No dobrze ale stan sprawy jest jaki jest. Co zatem zrobimy?

Wniesiemy o nadanie klauzuli na komplementariusza– art. 778 zn. 1 kpc pozwala nadać klauzulę na wspólników, gdy:

– egzekucja z majątku spółki okaże się bezskuteczne

– gdy oczywistym jest, że egzekucja będzie bezskuteczna

Po co jednak wnosić o klauzulę jak i tak wiemy, że spółka z.o.o. to tylko tzw. wydmuszka?

Po to aby uzyskać kolejne postanowienie o bezskutecznej egzekucji. Brzmi dziwnie?

Może i tak ale już mówię po co to robimy. Pamiętajmy, że w spółce z o.o. odpowiedzialność za zobowiązania w pewnych sytuacjach mogą ponosić również członkowie zarządu- jeżeli egzekucja przeciwko spółce okaże się bezskuteczna, członkowie zarządu odpowiadają solidarnie za jej zobowiązania.

Członek zarządu może się uwolnić jednak od odpowiedzialności, jeżeli wykaże, że we właściwym czasie zgłoszono wniosek o ogłoszenie upadłości lub w tym samym czasie wydano postanowienie o otwarciu postępowania restrukturyzacyjnego albo o zatwierdzeniu układu w postępowaniu w przedmiocie zatwierdzenia układu, albo że niezgłoszenie wniosku o ogłoszenie upadłości nastąpiło nie z jego winy, albo że pomimo niezgłoszenia wniosku o ogłoszenie upadłości oraz niewydania postanowienia o otwarciu postępowania restrukturyzacyjnego albo niezatwierdzenia układu w postępowaniu w przedmiocie zatwierdzenia układu wierzyciel nie poniósł szkody.

Warto zatem zadzwonić do Sądu i zapytać czy nie wpłynął wniosek o ogłoszenie upadłości.

Jeżeli nie, kierujemy pozew  przeciwko członkom zarządu.

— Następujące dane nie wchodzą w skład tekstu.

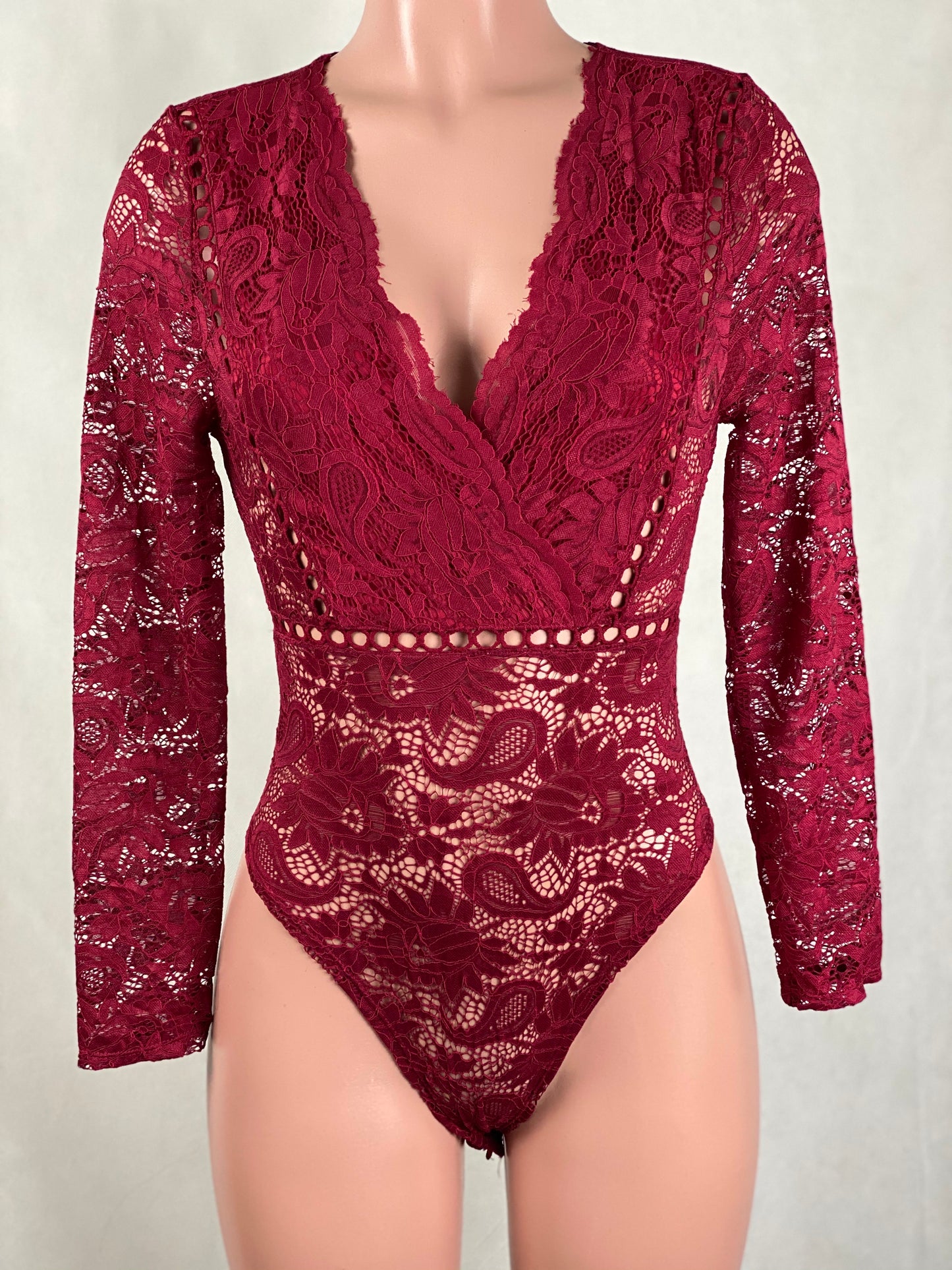 Night Out Bodysuit - Red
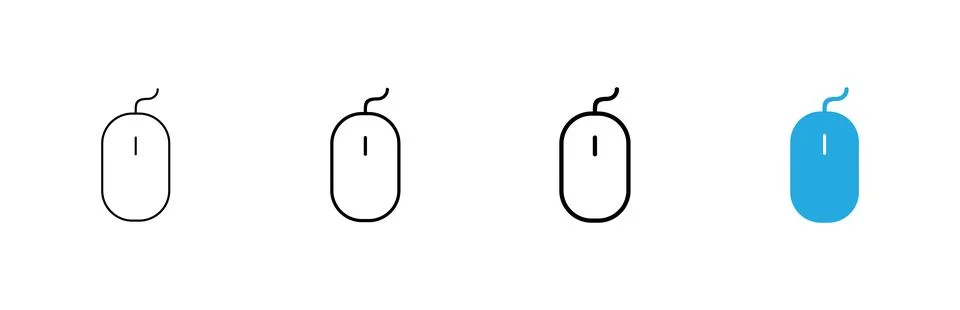 Mouse icon vector. click sign and symbol. pointer icon vector. 스톡 일러스트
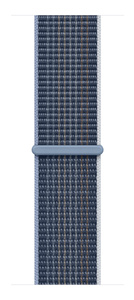 Storm Blue Sport Loop band, woven nylon with hook-and-loop closure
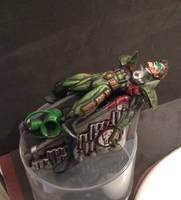Red Lantern PUNISHER Base (Punisher) Custom Action Figure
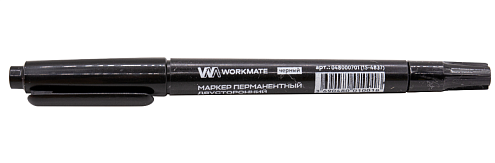 Маркер перманентный "Workmate" черный, двусторонний, ширина линии 0,5-1мм: фотография 1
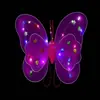Asas de Borboleta conjunto de quatro peças fantasia de performance para menina adereços de performance asas de elfo anjo luminosas de camada dupla atacado
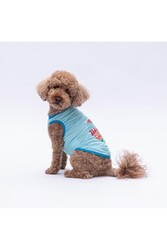 Pawstar Mavi The Sun Kedi Köpek Tişörtü - Kedi Köpek Kıyafeti S - Thumbnail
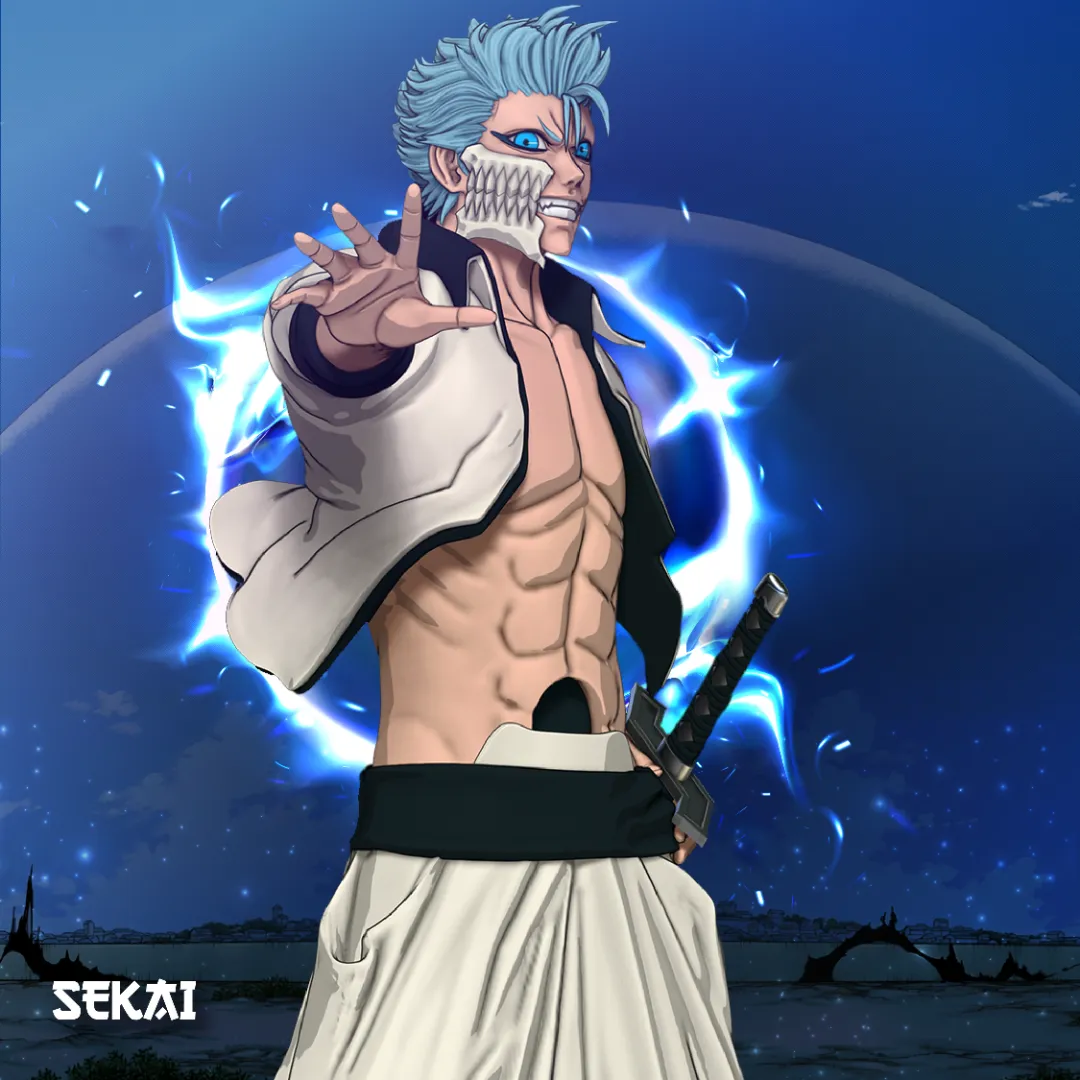 Grimmjow - Unassembled and Unpainted Garage Kit - Model Designed by Sekai3D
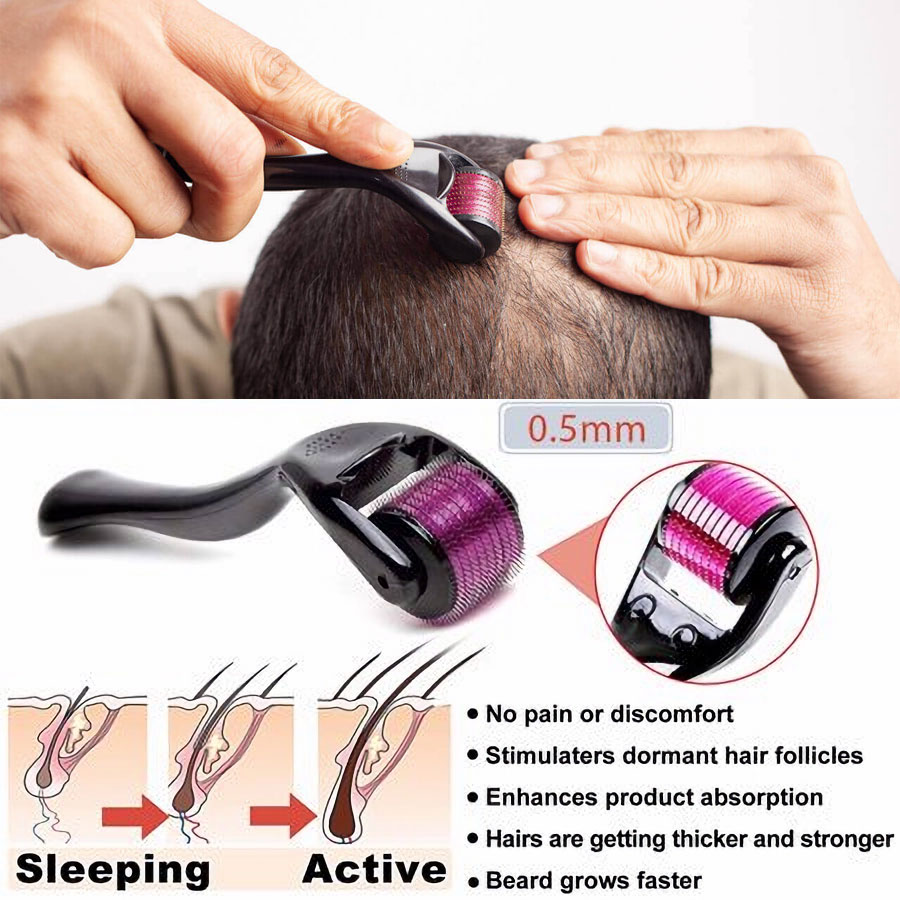 microneedle for hair regrowth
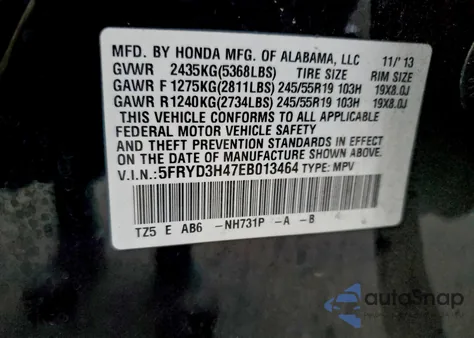 2014 Acura Mdx Technology z USA, uszkodzony, nr VIN 5FRYD3H47EB013464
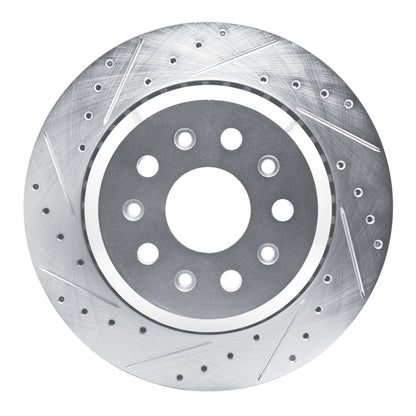 R1 Concepts R1 20-25 Jeep Wrangler Rear Left Drilled & Slotted Silver Brake Rotor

Aby nie uciekli nam z majątkiem warto równocześnie sformułować wniosek o zabezpieczenie roszczenia. Pamiętaj jednak, że pozywając członka zarządu musisz sprawdzić czy był on w organach spółki w okresie kiedy istniało zobowiązania. Może być bowiem tak, że w momencie gdy zobowiązanie stało się wymagalne, był już inny członek zarządu nie ujawniony jeszcze w KRS (wpis w tym przypadku nie przesądza o tym czy ktoś jest członkiem zarządu, ma on charakter wyłącznie deklaratoryjny). Warto zatem wcześniej udać się do KRS i zobaczyć skład osobowy spółki w danym okresie a przy okazji (a może przede wszystkim) sprawdzić sprawozdania finansowe spółki.

A co gdyby okazało się, że komplementariusz lub członek zarządu uciekł nam z majątkiem? Wówczas warto złożyć pozew ze skargi pauliańskiej oraz zawiadomienie o możliwości popełnienia przestępstwa. Ale o tym już w kolejnym wpisie….

Jak zatem widzisz, bezskuteczność egzekucji nie musi zawsze oznaczać utraty Twoich środków finansowych. Zawsze warto walczyć o swoje ciężko zarobione pieniądze.